Activation of FoxM1 during G2 requires cyclin A/Cdk-dependent relief of autorepression by the FoxM1 N-terminal domain

Affiliations

Activation of FoxM1 during G2 requires cyclin A/Cdk-dependent relief of autorepression by the FoxM1 N-terminal domain

Jamila Laoukili et al. Mol Cell Biol. 2008 May.

Abstract

The Forkhead transcription factor FoxM1 is an important regulator of gene expression during the G(2) phase. Here, we show that FoxM1 transcriptional activity is kept low during G(1)/S through the action of its N-terminal autoinhibitory domain. We found that cyclin A/cdk complexes are required to phosphorylate and activate FoxM1 during G(2) phase.

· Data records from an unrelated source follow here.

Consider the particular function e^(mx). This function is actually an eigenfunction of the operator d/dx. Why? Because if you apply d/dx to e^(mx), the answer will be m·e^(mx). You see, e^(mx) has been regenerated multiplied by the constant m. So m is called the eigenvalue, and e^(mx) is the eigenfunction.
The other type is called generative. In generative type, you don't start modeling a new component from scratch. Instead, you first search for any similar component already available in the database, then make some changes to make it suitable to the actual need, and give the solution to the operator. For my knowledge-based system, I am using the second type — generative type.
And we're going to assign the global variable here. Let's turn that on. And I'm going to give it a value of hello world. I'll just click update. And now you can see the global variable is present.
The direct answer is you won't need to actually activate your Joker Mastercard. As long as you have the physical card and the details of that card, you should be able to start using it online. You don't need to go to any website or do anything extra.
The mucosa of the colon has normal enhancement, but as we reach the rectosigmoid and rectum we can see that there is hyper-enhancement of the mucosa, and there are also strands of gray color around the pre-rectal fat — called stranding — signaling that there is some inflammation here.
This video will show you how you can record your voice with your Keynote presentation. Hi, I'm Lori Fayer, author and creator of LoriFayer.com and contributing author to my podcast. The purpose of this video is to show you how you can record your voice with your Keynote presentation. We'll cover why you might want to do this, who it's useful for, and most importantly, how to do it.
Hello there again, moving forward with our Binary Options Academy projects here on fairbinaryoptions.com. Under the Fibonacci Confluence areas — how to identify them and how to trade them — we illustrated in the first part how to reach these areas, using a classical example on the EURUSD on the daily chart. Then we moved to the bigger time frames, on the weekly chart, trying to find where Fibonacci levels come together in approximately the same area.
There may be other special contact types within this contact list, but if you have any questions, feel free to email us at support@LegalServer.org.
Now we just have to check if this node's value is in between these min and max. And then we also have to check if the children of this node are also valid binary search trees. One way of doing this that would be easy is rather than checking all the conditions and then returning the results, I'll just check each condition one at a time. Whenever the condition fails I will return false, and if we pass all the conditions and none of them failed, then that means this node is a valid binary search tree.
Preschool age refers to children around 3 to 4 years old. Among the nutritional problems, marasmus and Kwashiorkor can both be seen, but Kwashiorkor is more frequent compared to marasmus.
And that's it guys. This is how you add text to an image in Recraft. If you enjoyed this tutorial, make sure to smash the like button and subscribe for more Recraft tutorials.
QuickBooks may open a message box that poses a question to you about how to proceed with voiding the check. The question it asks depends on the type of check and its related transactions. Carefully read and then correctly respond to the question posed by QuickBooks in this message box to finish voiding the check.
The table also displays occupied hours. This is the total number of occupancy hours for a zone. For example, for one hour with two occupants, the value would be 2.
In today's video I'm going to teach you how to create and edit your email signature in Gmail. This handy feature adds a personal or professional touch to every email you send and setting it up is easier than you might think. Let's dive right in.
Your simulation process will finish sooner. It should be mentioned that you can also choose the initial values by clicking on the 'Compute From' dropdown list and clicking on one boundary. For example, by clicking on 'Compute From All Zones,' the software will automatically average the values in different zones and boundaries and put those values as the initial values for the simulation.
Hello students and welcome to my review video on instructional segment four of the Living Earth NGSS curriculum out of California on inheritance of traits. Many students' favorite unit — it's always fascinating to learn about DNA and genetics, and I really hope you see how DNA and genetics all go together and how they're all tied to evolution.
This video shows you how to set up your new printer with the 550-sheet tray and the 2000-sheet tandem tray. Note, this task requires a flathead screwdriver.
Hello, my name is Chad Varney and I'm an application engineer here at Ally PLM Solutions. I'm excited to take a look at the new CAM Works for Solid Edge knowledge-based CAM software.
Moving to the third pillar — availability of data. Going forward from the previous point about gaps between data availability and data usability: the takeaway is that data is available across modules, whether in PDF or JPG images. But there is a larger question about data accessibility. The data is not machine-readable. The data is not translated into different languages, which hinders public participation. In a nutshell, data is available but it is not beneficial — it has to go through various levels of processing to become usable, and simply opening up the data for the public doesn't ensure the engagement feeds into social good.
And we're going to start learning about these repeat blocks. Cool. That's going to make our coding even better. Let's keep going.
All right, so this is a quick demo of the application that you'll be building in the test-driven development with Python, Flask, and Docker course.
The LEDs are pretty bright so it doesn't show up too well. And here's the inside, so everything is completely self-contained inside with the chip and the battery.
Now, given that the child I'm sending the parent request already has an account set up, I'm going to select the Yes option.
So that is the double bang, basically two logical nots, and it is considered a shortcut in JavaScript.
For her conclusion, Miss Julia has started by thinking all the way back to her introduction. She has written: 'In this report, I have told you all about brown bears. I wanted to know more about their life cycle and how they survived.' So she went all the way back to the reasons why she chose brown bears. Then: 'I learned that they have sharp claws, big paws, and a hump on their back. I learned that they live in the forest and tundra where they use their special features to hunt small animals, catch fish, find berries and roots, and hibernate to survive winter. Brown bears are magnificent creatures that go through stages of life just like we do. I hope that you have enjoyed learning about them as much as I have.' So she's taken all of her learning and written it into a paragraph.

Deletion of the N-terminal autoinhibitory region of FoxM1 generates a mutant of FoxM1 (DeltaN-FoxM1) that is active throughout the cell cycle and no longer depends on cyclin A for its activation. Mutation of two cyclin A/cdk sites in the C-terminal transactivation domain leads to inactivation of full-length FoxM1 but does not affect the transcriptional activity of the DeltaN-FoxM1 mutant. We show that the intramolecular interaction of the N- and C-terminal domains depends on two RXL/LXL motifs in the C terminus of FoxM1. Mutation of these domains leads to a similar gain of function as deletion of the N-terminal repressor domain. Based on these observations we propose a model in which FoxM1 is kept inactive during the G(1)/S transition through the action of the N-terminal autorepressor domain, while phosphorylation by cyclin A/cdk complexes during G(2) results in relief of inhibition by the N terminus, allowing activation of FoxM1-mediated gene transcription.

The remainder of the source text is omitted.